Have knowledge? Forget it.

by Ian Rosenwach on 10.24.2013

Summary: The ability to free yourself from what you’ve been taught is a critical ingredient in creative success, in art as well as in business


You’ve got to learn your instrument. Then, you practice, practice, practice. And then, when you finally get up there on the bandstand, forget all that and just wail.

– Charlie Parker

Moose The Mooch by Charlie Parker on Grooveshark

Charlie Parker was one of the great bebop saxophone players. Bebop is a style of jazz characterized by the combination of a fast tempo, intricate melodies, and virtuosic improvisation. It’s fast, furious, and chaotic – but don’t make the mistake of thinking that this chaos is a lack of structure. Anything but.

You can break the quote above into four components –

  1. Learn your instrument
  2. Practice
  3. Get on the “bandstand” (or, get on the playing field…)
  4. Forget all that and just wail

This is not just good advice on how to play good music. It’s good advice on how to channel creative energy to do great things, from playing music to product and design innovation.

How to forget and just wail

How does someone forget their skill while in the act of using it?

What I think Parker was saying is that you can’t let what you know limit your creative linking. He knew the saxophone so well it had become practically a reflex. Yet he wasn’t interested in getting on stage and playing a song the same way every time. Parker thought a song should be different every time it’s played. How can someone practice for that?

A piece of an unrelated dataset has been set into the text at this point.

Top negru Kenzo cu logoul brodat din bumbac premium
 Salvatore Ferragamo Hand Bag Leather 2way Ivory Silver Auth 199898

Mastering his instrument was necessary for Parker to be able to “just wail” and play on a higher plane. While Parker was improvising his playing was grounded by the mastery of his instrument. Even though he forgot everything, his skill was so much a part of him that it helped steer him in the right direction; it guided his intuition.

The downside of knowledge

There is no arguing that mastering a skill is a good thing. But on balance there is a downside. As we gain knowledge, we learn more about what’s not possible. If we ‘re told something works a certain way, the easy thing to do is to accept that as truth. It becomes easier to silence your inner skeptic.

Yet you still have to constantly channel the skeptic and not let your knowledge make you lose sight of the possible. If Henry Ford became an expert on horse drawn carriages, would he have invented the model T?

Creative innovation 

What does this mean for being part of a creative team, and building new products? Two things are the importance of collaboration and isolation.

Charlie Parker wasn’t a master of the drums, trumpet, or bass. It took a group of people with complementary skills to make the music he wanted to. Today it’s widely understood that a great way to promote creative innovation is by designing serendipity that brings together different disciplines. According to Walter Isaacson’s Steve Jobs biography, Jobs believed that, “If a building doesn’t encourage [collaboration], you’ll lose a lot of innovation and the magic that’s sparked by serendipity”.

Isolation also helps prevent knowledge of the past from guiding the possible. When a company is looking for a breakthrough innovation, oftentimes the team working on that project will work from a separate location than the rest of the company. This is to not let the knowledge and norms of the company limit their ability to think freely.

Parker’s words can act as a reminder that sometimes we have to forget what we know in order to have creative breakthroughs.